(Study material)

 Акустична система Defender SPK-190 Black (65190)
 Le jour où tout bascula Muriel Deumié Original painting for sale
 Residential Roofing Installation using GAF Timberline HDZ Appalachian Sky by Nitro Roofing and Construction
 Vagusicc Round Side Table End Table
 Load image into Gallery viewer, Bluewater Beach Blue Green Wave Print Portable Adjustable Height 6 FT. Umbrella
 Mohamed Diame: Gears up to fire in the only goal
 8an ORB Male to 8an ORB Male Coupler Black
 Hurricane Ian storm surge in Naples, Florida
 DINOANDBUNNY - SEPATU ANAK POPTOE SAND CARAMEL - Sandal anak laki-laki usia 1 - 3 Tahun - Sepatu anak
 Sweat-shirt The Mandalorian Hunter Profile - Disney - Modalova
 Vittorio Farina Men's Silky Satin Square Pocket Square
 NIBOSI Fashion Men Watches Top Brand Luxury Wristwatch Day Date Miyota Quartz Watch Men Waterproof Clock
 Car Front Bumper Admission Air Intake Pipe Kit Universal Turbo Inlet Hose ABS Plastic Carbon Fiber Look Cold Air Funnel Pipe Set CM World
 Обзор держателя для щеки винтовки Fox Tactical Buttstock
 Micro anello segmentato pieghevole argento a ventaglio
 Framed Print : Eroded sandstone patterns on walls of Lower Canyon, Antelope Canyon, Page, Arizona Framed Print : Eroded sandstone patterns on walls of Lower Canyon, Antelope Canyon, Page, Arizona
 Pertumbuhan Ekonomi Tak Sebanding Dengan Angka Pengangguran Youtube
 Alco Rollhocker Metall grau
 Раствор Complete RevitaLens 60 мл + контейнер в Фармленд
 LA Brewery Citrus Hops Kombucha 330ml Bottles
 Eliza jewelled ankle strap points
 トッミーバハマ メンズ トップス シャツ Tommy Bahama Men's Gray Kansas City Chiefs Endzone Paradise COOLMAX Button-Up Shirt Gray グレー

(End Study material)

* What the task requires *
The answer is every line in the data where the word "Black" appears.

* Task response *
 Акустична система Defender SPK-190 Black (65190)
 8an ORB Male to 8an ORB Male Coupler Black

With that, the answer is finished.